**What is required**
Repeat the data exactly as it stands.

**Task material**
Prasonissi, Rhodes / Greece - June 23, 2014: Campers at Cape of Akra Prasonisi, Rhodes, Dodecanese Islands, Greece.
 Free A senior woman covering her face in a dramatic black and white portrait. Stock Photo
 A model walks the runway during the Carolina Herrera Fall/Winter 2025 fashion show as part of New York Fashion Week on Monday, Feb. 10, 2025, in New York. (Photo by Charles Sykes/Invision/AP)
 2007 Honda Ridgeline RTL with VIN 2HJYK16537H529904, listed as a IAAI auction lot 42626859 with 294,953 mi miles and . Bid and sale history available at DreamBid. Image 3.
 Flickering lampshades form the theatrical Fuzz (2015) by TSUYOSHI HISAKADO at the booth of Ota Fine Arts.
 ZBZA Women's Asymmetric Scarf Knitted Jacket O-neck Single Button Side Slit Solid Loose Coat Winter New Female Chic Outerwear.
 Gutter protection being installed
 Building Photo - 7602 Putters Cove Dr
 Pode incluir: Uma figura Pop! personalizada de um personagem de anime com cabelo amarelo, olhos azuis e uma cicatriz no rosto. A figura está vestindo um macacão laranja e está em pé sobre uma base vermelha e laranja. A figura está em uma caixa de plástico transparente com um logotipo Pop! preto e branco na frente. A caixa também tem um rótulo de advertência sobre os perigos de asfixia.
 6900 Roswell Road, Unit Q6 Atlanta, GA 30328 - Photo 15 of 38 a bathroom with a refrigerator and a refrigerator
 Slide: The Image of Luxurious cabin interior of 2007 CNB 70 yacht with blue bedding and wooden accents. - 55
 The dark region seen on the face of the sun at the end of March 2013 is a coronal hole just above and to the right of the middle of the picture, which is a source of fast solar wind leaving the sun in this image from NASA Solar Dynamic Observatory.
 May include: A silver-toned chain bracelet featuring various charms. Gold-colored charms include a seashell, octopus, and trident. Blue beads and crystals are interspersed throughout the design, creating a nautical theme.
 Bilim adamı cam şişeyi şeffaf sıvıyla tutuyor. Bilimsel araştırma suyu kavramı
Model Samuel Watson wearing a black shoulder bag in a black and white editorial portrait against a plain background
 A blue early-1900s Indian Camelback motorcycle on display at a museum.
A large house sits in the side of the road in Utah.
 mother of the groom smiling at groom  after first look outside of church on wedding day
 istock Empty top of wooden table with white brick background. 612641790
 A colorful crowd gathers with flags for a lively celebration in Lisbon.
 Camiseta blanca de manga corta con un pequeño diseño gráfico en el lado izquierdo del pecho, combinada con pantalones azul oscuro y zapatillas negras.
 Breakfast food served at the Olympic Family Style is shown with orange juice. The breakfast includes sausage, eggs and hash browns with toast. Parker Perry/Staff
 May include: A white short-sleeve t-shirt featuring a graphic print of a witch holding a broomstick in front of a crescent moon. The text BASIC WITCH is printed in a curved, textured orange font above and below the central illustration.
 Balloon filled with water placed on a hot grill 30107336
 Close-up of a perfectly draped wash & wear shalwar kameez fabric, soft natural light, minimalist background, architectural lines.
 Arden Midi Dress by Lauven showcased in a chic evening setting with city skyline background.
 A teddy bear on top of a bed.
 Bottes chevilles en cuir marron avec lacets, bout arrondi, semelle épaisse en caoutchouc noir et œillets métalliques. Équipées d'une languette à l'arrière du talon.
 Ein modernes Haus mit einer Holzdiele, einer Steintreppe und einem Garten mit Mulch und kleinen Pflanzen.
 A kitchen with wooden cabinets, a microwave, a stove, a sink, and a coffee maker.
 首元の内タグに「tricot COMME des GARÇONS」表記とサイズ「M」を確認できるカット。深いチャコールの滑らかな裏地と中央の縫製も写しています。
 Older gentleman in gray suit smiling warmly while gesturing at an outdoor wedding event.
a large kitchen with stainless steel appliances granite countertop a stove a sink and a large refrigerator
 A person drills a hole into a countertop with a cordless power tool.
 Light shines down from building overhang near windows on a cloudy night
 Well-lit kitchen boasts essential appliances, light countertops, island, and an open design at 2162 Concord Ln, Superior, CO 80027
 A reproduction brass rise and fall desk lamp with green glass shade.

**Finished exercise**
Prasonissi, Rhodes / Greece - June 23, 2014: Campers at Cape of Akra Prasonisi, Rhodes, Dodecanese Islands, Greece.
 Free A senior woman covering her face in a dramatic black and white portrait. Stock Photo
 A model walks the runway during the Carolina Herrera Fall/Winter 2025 fashion show as part of New York Fashion Week on Monday, Feb. 10, 2025, in New York. (Photo by Charles Sykes/Invision/AP)
 2007 Honda Ridgeline RTL with VIN 2HJYK16537H529904, listed as a IAAI auction lot 42626859 with 294,953 mi miles and . Bid and sale history available at DreamBid. Image 3.
 Flickering lampshades form the theatrical Fuzz (2015) by TSUYOSHI HISAKADO at the booth of Ota Fine Arts.
 ZBZA Women's Asymmetric Scarf Knitted Jacket O-neck Single Button Side Slit Solid Loose Coat Winter New Female Chic Outerwear.
 Gutter protection being installed
 Building Photo - 7602 Putters Cove Dr
 Pode incluir: Uma figura Pop! personalizada de um personagem de anime com cabelo amarelo, olhos azuis e uma cicatriz no rosto. A figura está vestindo um macacão laranja e está em pé sobre uma base vermelha e laranja. A figura está em uma caixa de plástico transparente com um logotipo Pop! preto e branco na frente. A caixa também tem um rótulo de advertência sobre os perigos de asfixia.
 6900 Roswell Road, Unit Q6 Atlanta, GA 30328 - Photo 15 of 38 a bathroom with a refrigerator and a refrigerator
 Slide: The Image of Luxurious cabin interior of 2007 CNB 70 yacht with blue bedding and wooden accents. - 55
 The dark region seen on the face of the sun at the end of March 2013 is a coronal hole just above and to the right of the middle of the picture, which is a source of fast solar wind leaving the sun in this image from NASA Solar Dynamic Observatory.
 May include: A silver-toned chain bracelet featuring various charms. Gold-colored charms include a seashell, octopus, and trident. Blue beads and crystals are interspersed throughout the design, creating a nautical theme.
 Bilim adamı cam şişeyi şeffaf sıvıyla tutuyor. Bilimsel araştırma suyu kavramı
Model Samuel Watson wearing a black shoulder bag in a black and white editorial portrait against a plain background
 A blue early-1900s Indian Camelback motorcycle on display at a museum.
A large house sits in the side of the road in Utah.
 mother of the groom smiling at groom  after first look outside of church on wedding day
 istock Empty top of wooden table with white brick background. 612641790
 A colorful crowd gathers with flags for a lively celebration in Lisbon.
 Camiseta blanca de manga corta con un pequeño diseño gráfico en el lado izquierdo del pecho, combinada con pantalones azul oscuro y zapatillas negras.
 Breakfast food served at the Olympic Family Style is shown with orange juice. The breakfast includes sausage, eggs and hash browns with toast. Parker Perry/Staff
 May include: A white short-sleeve t-shirt featuring a graphic print of a witch holding a broomstick in front of a crescent moon. The text BASIC WITCH is printed in a curved, textured orange font above and below the central illustration.
 Balloon filled with water placed on a hot grill 30107336
 Close-up of a perfectly draped wash & wear shalwar kameez fabric, soft natural light, minimalist background, architectural lines.
 Arden Midi Dress by Lauven showcased in a chic evening setting with city skyline background.
 A teddy bear on top of a bed.
 Bottes chevilles en cuir marron avec lacets, bout arrondi, semelle épaisse en caoutchouc noir et œillets métalliques. Équipées d'une languette à l'arrière du talon.
 Ein modernes Haus mit einer Holzdiele, einer Steintreppe und einem Garten mit Mulch und kleinen Pflanzen.
 A kitchen with wooden cabinets, a microwave, a stove, a sink, and a coffee maker.
 首元の内タグに「tricot COMME des GARÇONS」表記とサイズ「M」を確認できるカット。深いチャコールの滑らかな裏地と中央の縫製も写しています。
 Older gentleman in gray suit smiling warmly while gesturing at an outdoor wedding event.
a large kitchen with stainless steel appliances granite countertop a stove a sink and a large refrigerator
 A person drills a hole into a countertop with a cordless power tool.
 Light shines down from building overhang near windows on a cloudy night
 Well-lit kitchen boasts essential appliances, light countertops, island, and an open design at 2162 Concord Ln, Superior, CO 80027
 A reproduction brass rise and fall desk lamp with green glass shade.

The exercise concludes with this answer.